The Nicaragua Dispatch
- Type: Online
- Editor: Tim Rogers
- Founded: 2011
- Headquarters: Granada, Nicaragua
- Website: www.nicaraguadispatch.com

= The Nicaragua Dispatch =

The Nicaragua Dispatch is an independent online English-language news website based in Granada, Nicaragua.

Launched on October 17, 2011, by U.S. journalist Tim Rogers, the online newspaper identifies itself as a "community publication for the digitalized, global era" by including reader-submitted blogs and opinion pieces.
In its first year of publication, The Nicaragua Dispatch signed a syndication and electronic distribution agreement with The Christian Science Monitor, both of which reprinted its articles.

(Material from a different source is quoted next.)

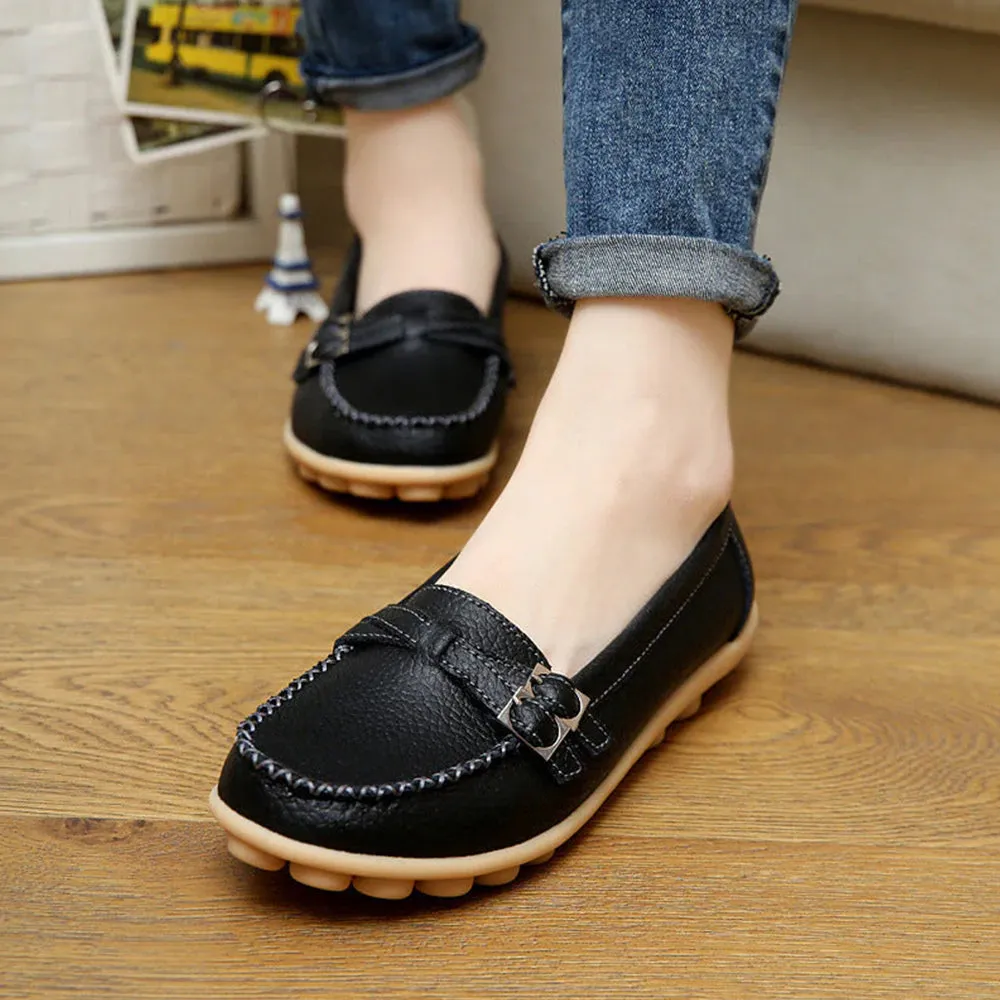 Betterthy Comfortable Casual Loafers Casual Shoes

In a 2011 interview The Tico Times called Rogers "a journalist's journalist" whose stories from Nicaragua "run the gamut from exclusive interviews with Nicaragua's rich and powerful insiders to features on poor Nicaraguan kids pursuing dreams on a dusty baseball field." In 2012, Nicaraguan Spanish-language daily Confidencial said The Nicaragua Dispatch is filling a need to provide English-language news to readers inside and outside of the country as well as "guarantee access to information" for all foreigners interested in Nicaragua.

Although the website signed off briefly in July 2013, it resumed publishing on a more limited basis two months later.